How the Coat Became…

Updated: Aug 19, 2023

As I ended the last blog on a cliff hanger, let's leave it there a little longer and let it breathe a little more. Shall we?...


Let's find out about the question I get asked often and that is, "why the coat of arms, Anthony... and what does it mean, I don't understand?"


Okay, well...here it is.


First off, I wanted to split a coat of arms in 4 quadrants in a nice visual way. It would bring more dynamics and complexity to a simple brand. More layers than what you see. And I like the mystery.


A coat of arms is a "shield". And usually on top you put a family crest which would be the family surname.


A coat of arms is a representation of family. The colors chosen is like the flag for the pride of the family. It also boasts of the family's achievements. There's an enormous amount of pride and respect of this for the familys coat of arms and crest.


Along those lines, I wanted blacksmiths tools in representation of this brand. I wanted a background of iron and fire forging tools. Putting anything into fire is a form of purification. Highest level. It's intense to say the least.


Anvils, swords, armor, helmets, shields, sledge hammers, leather, sweat, blood, guts and tears. Empowering women in this same mold. Being the edge and bringing refinement all in the same.


I wanted it to be a proud representation of any one's family. Whatever you choose as a family. Whatever you choose to call family. Whatever you choose and however it looks, I want it to be a unification under the coat of arms and having us unite under one, with individuality.


The coat of arms in representation for me in my achievements comes by the way of battling internal dark demons and extinguishing their fire and starting my own flame with God. With Him, he's brought me through. Not around. Not over. But through it.
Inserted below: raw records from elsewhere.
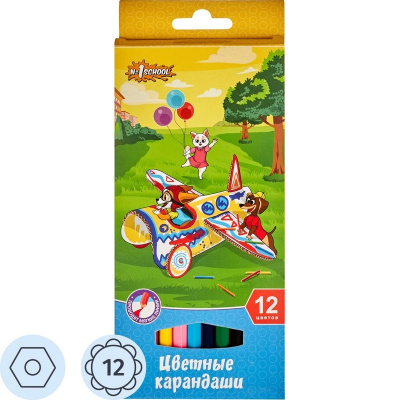 Карандаши цветные 12 цветов шестигранные №1 School Шустрики - фото 1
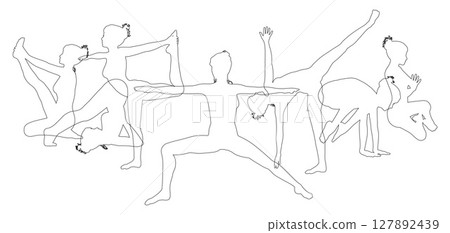Yoga Pilates Poses Women Silhouettes Concept Yoga Pilates Poses Women Silhouettes Concept 127892439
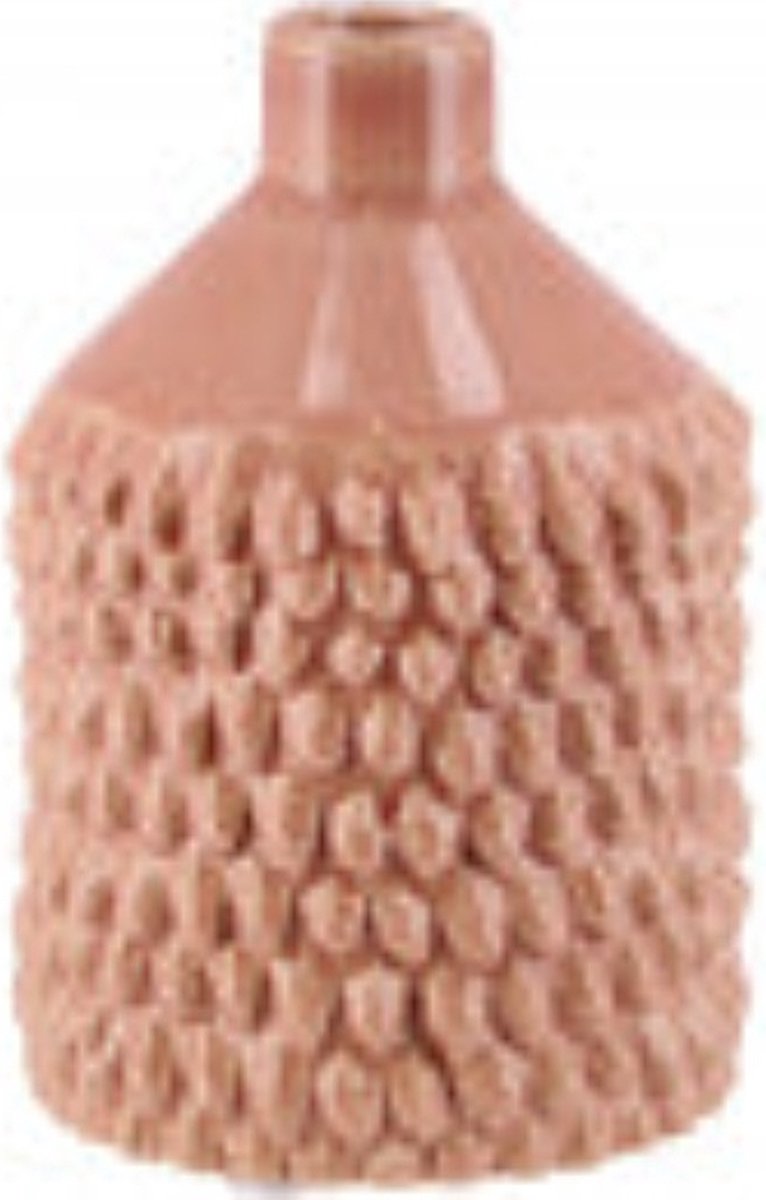 Vosteen Vaasje Danil - 9x13cm Oud roze/zalm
I've been to an alcohol/substance and mental health wellness treatment center for first responders. Total addiction and slave to the beer bottle. Early morning. Mid-morning. It didn't matter. It was a 24hr. daily fight. I pan handled for it. I scraped change for it. As my body was shaking violently getting clammy, sweaty as the withdrawals worsened. I couldn't even sign my own signature to get money from my checking account. I signed an "X" instead, on multiple occasions. Horrific.


I was a piss-poor father. I shattered relationships. And I was a lackluster being. I've been arrested numerous times. In jail. Major depression. In a locked down life of isolation with locked doors in my house and shutting every curtain to keep everything and everybody OUT! Throwing up from the alcohol withdrawals consistently. PTSD from being a firefighter piled on after I left the department. A heavier weight from the calls I've been on. Echoing memories. Echoing smells. Endless memories of trauma in families eyes from the calls I've been on and trauma mirrored back to me. So, with a new weight, a new mental demon of PTSD accumulated over ignored years that was added to my mind....whom I kidding, I was decaying. Suicide was my solution to end all battles. My war was only going to be won and end this way. Is how I saw it.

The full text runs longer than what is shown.